Start of Information
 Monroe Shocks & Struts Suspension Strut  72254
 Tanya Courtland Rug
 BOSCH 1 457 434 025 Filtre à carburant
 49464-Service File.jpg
End of Information
Start of Information
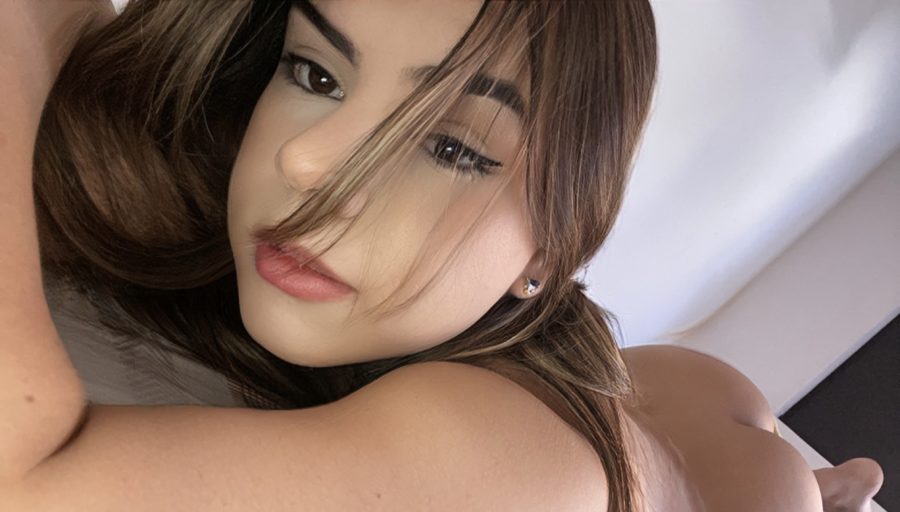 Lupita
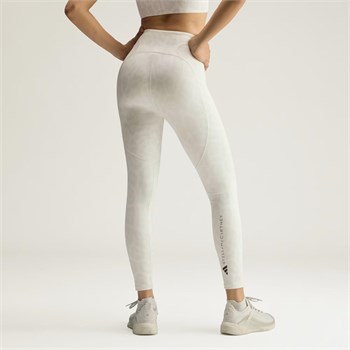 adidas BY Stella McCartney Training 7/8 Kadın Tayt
End of Information
Problem description
Look above for the line holding "BOSCH 1 457 434 025 Filtre à carburant" and the line holding "49464-Service File.jpg", then output exactly those two lines and every line between them, nothing more.

Exercise output
 BOSCH 1 457 434 025 Filtre à carburant
 49464-Service File.jpg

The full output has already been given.